The average time is of \(8.20 \times 10^{7}\), which represents a speedup of 76.48. The optimal memory decomposition was found using Hill Climbing [19]:

$$\begin{aligned} \rho _1&= 0.5604&\rho _2&= 0.3931&\rho _3&= 0.0466. \end{aligned}$$

Partitioning into four subsets or more did not yield a better speedup in our experiments.

6.4 Discussion

Interleaving produces a gain over the classical method of 16.45, 44.29 and 76.48, respectively for RockYou with 2 subsets, 10 million combos with 2 subsets, and 10 million combos with 3 subsets. The gain thus strongly depends on the input distribution, and can be arbitrarily big. On the other hand, interleaving may not be profitable at all when the input distribution is close to uniform.

Increasing the number of subsets allows for a finer division of the input set, and is worthwhile when the resulting subsets have important differences of density. It has however an overhead, which means that in practice (at least for the distributions described in Sect. 6.1), the optimal size of the partitioning is relatively small.

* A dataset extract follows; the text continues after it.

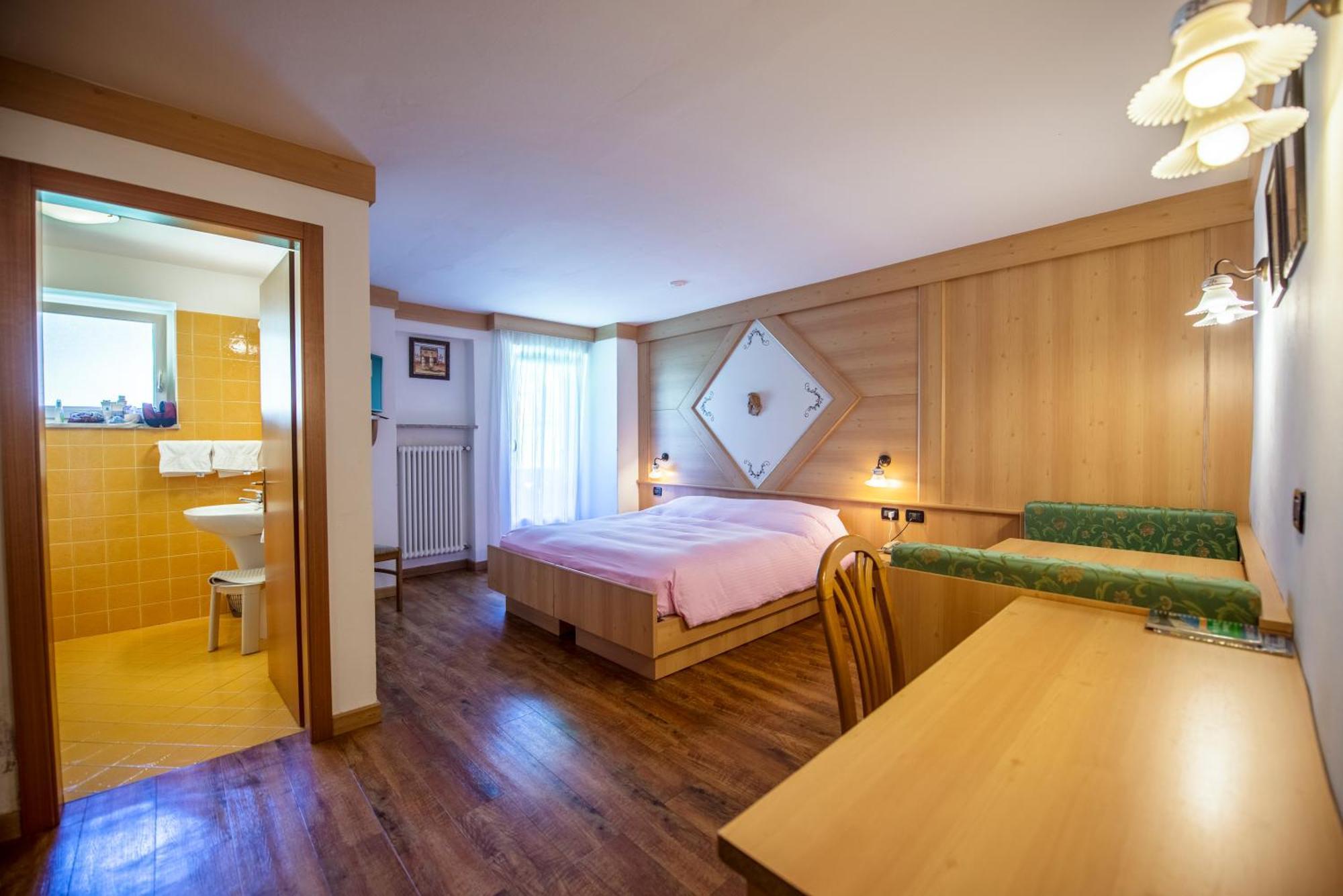 Chalet Pineta Relax Location Canazei Eksteriør bilde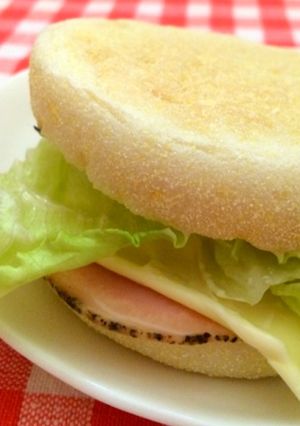 パストラミロースチーズマフィン-レシピのメイン写真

Barkan, Biham and Shamir showed [5] that the cost of a search using a time-memory trade-offs is theoretically lower-bounded. With an appropriate input distribution, one could go below that bound using interleaving, which may seem to be in contradiction with the results of [5]. However, these results were provided in a context of uniform input distribution, so the bound is not violated since the assumptions are different.

7 Conclusion

This paper introduces a technique to magnify the efficiency of cryptanalytic time-memory trade-offs when the considered distribution of secrets is non-uniform. It consists – during the precalculation phase – in dividing the input set into smaller subsets of unbalanced densities and applying a time-memory trade-off on every subset. As importantly, the contribution also consists of a method to interleave – during the attack phase – the exploration of the time-memory trade-offs. For that, a metric to select at each step the time-memory trade-off to be explored is introduced, and a proof of optimality is provided.

Questions such as how the efficiency changes when a TMTO built on some distribution is applied to another distribution, or whether it is possible to find optimal memory division analytically remain to be explored.

The efficiency of the technique is practically demonstrated to crack 7-character passwords selected in a 96-character alphabet. Password length and alphabet size have been chosen in compliance with tools currently used by security experts to crack LM Hash passwords. The password distributions used to evaluate the efficiency of the technique come from recently leaked password databases of well-known websites. It has been shown that the time required to crack such passwords is divided by up 76 when the technique introduced in this paper is applied, compared to current methods. The efficiency can be even better when considering distributions with a higher standard deviation. As far as we know, this is the first time an improvement on time-memory trade-off divides by more than two the cracking time since Hellman’s seminal work.